Provided information —
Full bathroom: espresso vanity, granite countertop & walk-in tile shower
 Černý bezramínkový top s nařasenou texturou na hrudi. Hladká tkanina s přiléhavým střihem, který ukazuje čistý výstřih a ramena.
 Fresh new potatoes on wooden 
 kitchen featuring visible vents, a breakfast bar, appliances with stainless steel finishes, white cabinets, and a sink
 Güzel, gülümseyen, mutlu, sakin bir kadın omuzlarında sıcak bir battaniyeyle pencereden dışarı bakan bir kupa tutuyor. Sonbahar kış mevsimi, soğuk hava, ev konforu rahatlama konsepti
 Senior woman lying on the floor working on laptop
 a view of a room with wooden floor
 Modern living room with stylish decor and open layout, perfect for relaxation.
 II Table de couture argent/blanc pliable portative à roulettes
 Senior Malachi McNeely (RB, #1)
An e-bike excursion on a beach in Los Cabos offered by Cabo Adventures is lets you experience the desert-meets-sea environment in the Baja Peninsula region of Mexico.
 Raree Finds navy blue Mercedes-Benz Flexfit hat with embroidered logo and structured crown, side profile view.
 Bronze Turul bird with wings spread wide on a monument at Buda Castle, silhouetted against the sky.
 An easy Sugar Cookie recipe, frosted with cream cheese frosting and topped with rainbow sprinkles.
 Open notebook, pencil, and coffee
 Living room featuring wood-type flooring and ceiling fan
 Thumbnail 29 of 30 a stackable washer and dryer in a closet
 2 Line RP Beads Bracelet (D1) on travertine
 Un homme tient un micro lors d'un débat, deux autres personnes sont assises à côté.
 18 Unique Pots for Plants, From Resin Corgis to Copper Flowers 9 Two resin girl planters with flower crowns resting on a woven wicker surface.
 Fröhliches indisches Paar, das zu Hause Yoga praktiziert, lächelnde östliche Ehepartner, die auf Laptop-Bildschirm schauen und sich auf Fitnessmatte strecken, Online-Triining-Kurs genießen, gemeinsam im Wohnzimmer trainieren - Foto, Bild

What to produce — Your answer should consist of each line of the data above in which the word "wooden" occurs.

Answer box —
 Fresh new potatoes on wooden 
 a view of a room with wooden floor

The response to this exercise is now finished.